Ellendra — Sounds as if you have some interesting stories to tell.
Well I have been wanting to do a little more book shopping on my new kindle, I’ll be sure to use your link.
“Ellendra — Sounds as if you have some interesting stories to tell.”
Nothing really exciting, just disappointing really. People who were ineligible tried to register, a couple people tried to register to vote in one place after voting absentee in another place. A few “helpful” social workers tried to register their clients who obviously didn’t even know their own names. One person got caught trying to go through the line twice.
Usually the precinct I work at is so by-the-book that we’ve had poll watchers walk out on us. We were just too boring for them.
The most unusual thing this time around was the number of people who tried to mark more than one candidate for president because, no matter how carefully we tried to explain it, they just couldn’t comprehend that there were 7 people running instead of just 2. About every 5th person had their ballot rejected because of that. And I tried not to notice this, I really did, but every single one of them was an Obama voter.
The voting system we use is the one that has been shown to be the most reliable, at least as far as technology goes. People mark a paper ballot, which then gets fed into a machine that reads it, and if it’s accepted then the machine automagically deposits the ballot into a locked compartment. If it rejects the ballot (usually because of extraneous marks, or because they voted for more than one candidate per office) then it beeps and spits the ballot back out, and we have to look and see why it got rejected so we can walk them through getting a replacement ballot. Even the rejected ones get logged in a book, then torn in half and the halves kept in an envelope so we can verify that the number of ballots handed out matches the number cast. If the machine gets full, the chief election inspector opens it with another inspector watching, and the ballots get put into a box that is then taped shut and the tape signed and dated.
It’s a pretty secure system, but it’s impossible to make anything 100% secure.
I have friends who are poll workers or poll watchers in other states, and they have some interesting stories to tell. One guy noticed that if a voter seemed elderly or confused, they were encouraged to use a paticular booth.
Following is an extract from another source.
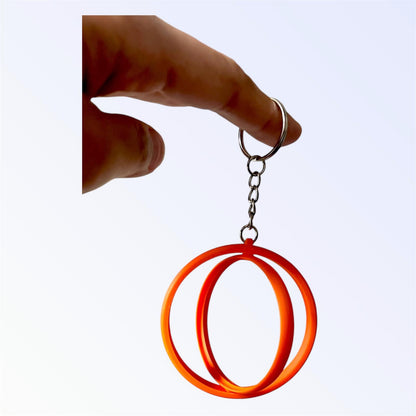Orange 2.25-inch rotating button keychain blank designed for standard flat back buttons, double-sided spinner keychain for custom button makers and DIY crafts.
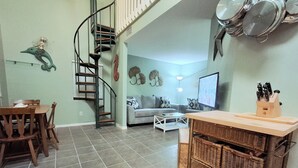 Une cuisine avec un coin repas, un escalier en colimaçon et un salon comprenant un canapé et un téléviseur.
This was one where you pull the lever to vote, but he found that that one booth had the lever for one candidate sabotaged. It would only go down halfway when pulled. Far enough to make people think they’d just voted, but not far enough for the machine to actually register it.
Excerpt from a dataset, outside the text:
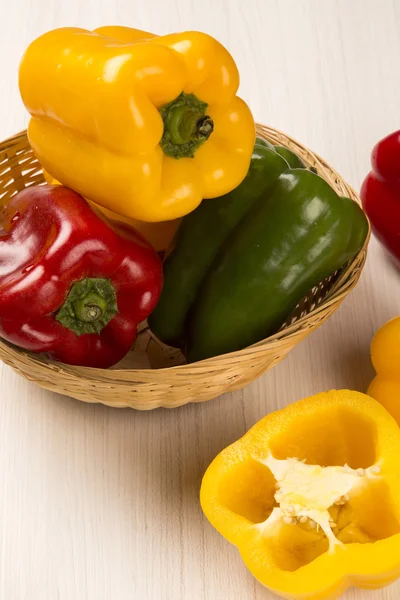 Algunos pimientos rojos, verdes y amarillos sobre una superficie de madera — Foto de Stock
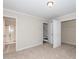 Bedroom with stairs, open closet and bathroom at 3000 Summerhouse Rd, Cary, NC 27519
Another person found it odd that one district always had 100% in-person turnout, and that everyone there voted for the same candidate, so he parked outside the polling place with a video camera and watched the front door. Not a single person ever went in except for the poll workers themselves. Not one.
That same friend also has video proof of vans full of people using foreclosed house addresses to vote absentee. He taped them going around the city picking up hundreds and hundreds of ballots.
A friend who was monitoring the 2000 recount in Florida noticed that some of the volunteers had what looked like snow accumulating under their chairs. Upon investigation it turned out that several women had shaped their thumbnails to match the stylus used to punch out chads, and as they “counted” they were making new ballots for Gore. (This friend became a republican because, according to him, every time he caught someone pulling a stunt like that, it was a democrat doing it.)
Several friends have caught poll workers putting the same ballot through the machine hundreds of times. And stay away from those touch-screen voting machines! They have a remarkable tendancy to mark the D candidate, no matter what part of the screen you touch.
Why are there so few stories of voter fraud being investigated? Well, without making any blatent accusations, I will just point out that the person responsible for investigating voter fraud in each state, is themself an elected official.